Science and logic texts teach us that emotion is a mental scourge, something engaged in by soft and weak thinkers who lack the know-how or the courage to rely on the mandates of pristine reasons to shape opinion and public policy. Untold numbers of women have been castigated for being “so emotional.” Many of us gush at the cold, incisive reasons of Sherlock Holmes, who boasts of his transcendence of emotions.
Today we wonder how so many Americans can be beguiled by politicians suffused by heat and anger. Any reasoning they use is the handmaiden of pre-selected conclusions flowing from fear and the most embarrassing emotional commitments the species possesses.
Clearly, we, children of Descartes, must shield ourselves from the polluting effects of emotions.
I find that attitude embarrassingly simplistic. To point out that a road to belief CAN mislead is not a substantive basis for denigrating that pathway. May I enlist an ally, Aristotle, to preface the rest of this post: All instruments can be misused, even my beloved reason.

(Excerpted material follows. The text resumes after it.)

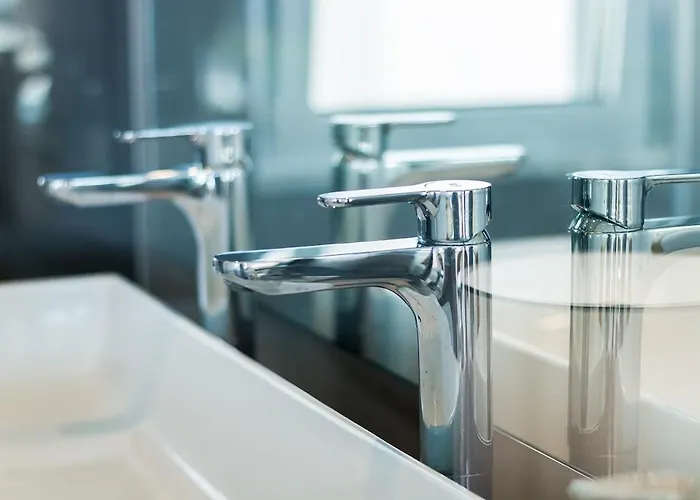 Family 3 Bedrooms Private Rooftop With Pool Villa *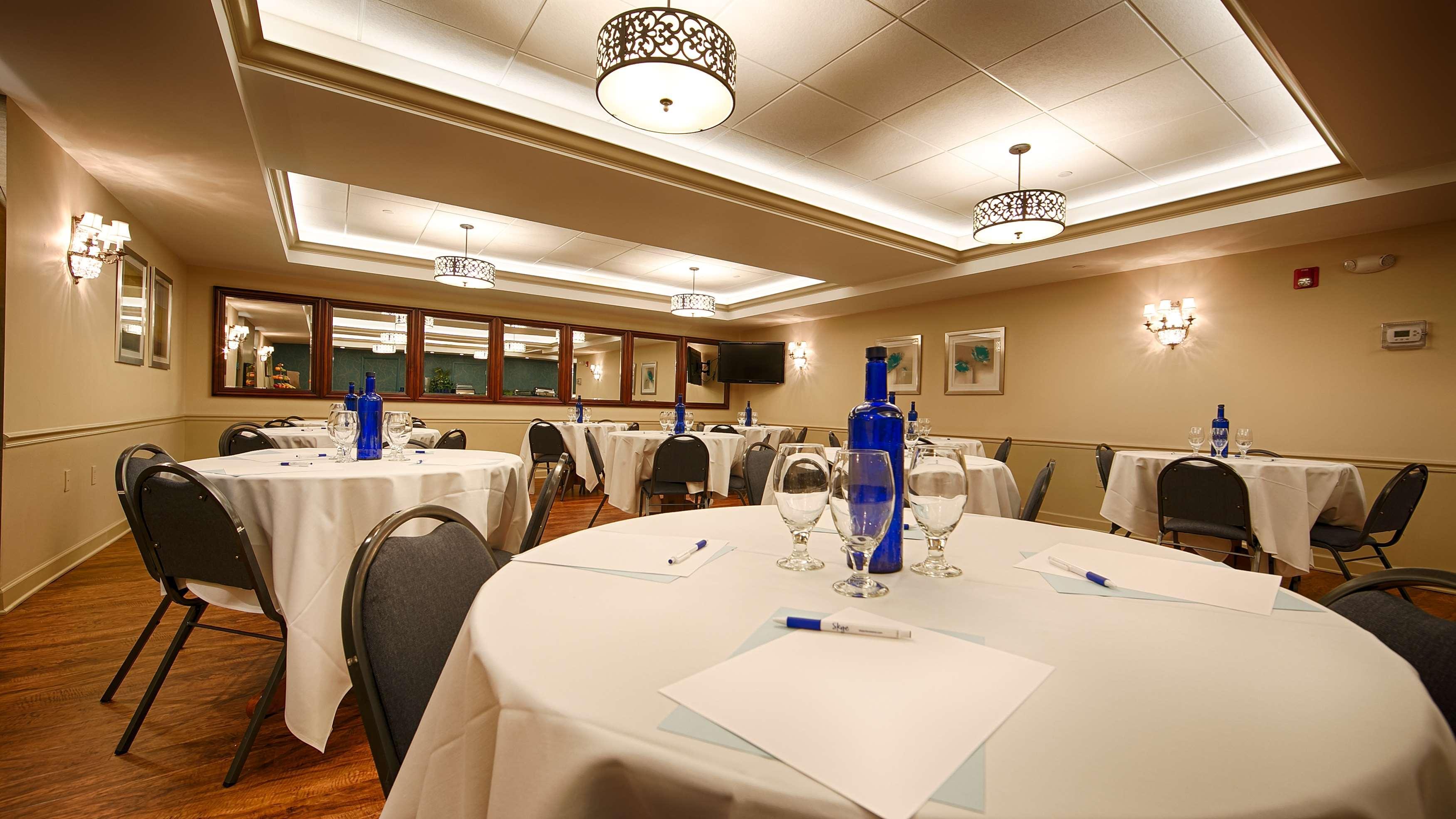 Best Western Plus Mentor-Cleveland Northeast Exterior foto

In the 1960’s far too many intellectuals seemed shocked at the abuse of reason by the highly literate advisers who surrounded President Kennedy. Their religion of reason was sent spinning by the “reasonable” cruelty and miscalculations of the Kennedy/Johnson foreign policy. Much like Obama’s advisers, they were all from elite schools and were noticeably more erudite than typical Presidential advisers. “How could such reasonable people be blinded by the fog of war? How could they be so naive and beguiled by simplistic metaphors like ‘domino theory’ that promised the devastating downfall of all Southeast Asian countries should the first country/domino, Viet Nam, ‘fall’ to the communists? How could our precious reason so completely let us down?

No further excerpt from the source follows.